* Brief *
Return the listing below unchanged, but without pictures.

* The data *
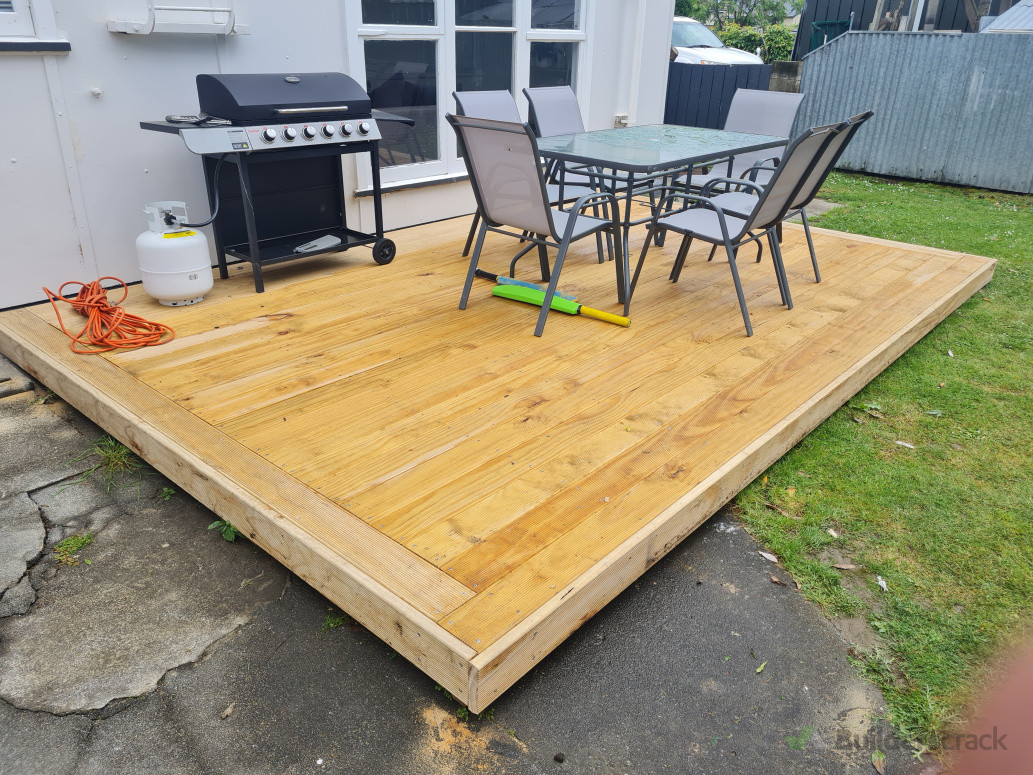 Simple pine deck | Builderscrack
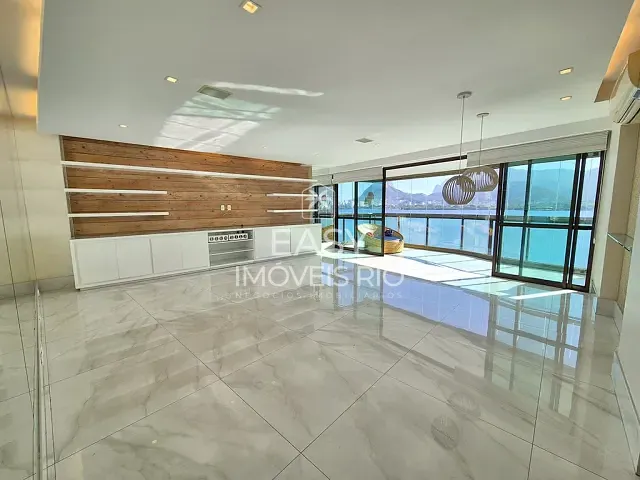 Apartamento 3 quartos e 5 banheiros, à venda, no bairro Lagoa em Rio de Janeiro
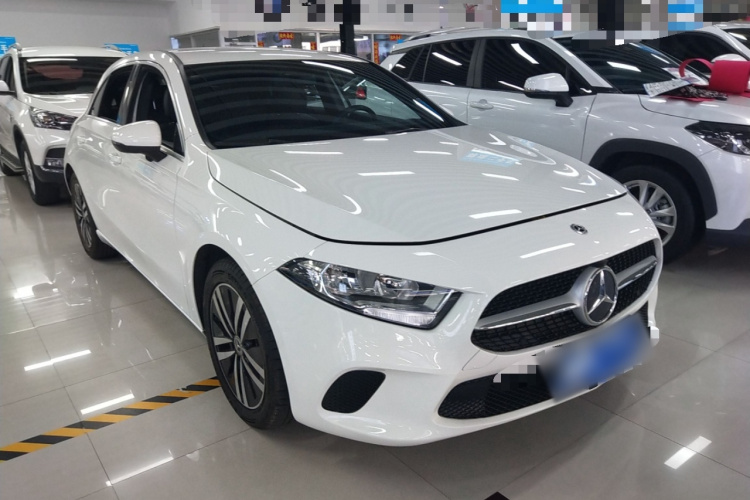 奔驰A级(进口) 2020款 A 180车身外观3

* Response area *
 Simple pine deck | Builderscrack
 Apartamento 3 quartos e 5 banheiros, à venda, no bairro Lagoa em Rio de Janeiro
 奔驰A级(进口) 2020款 A 180车身外观3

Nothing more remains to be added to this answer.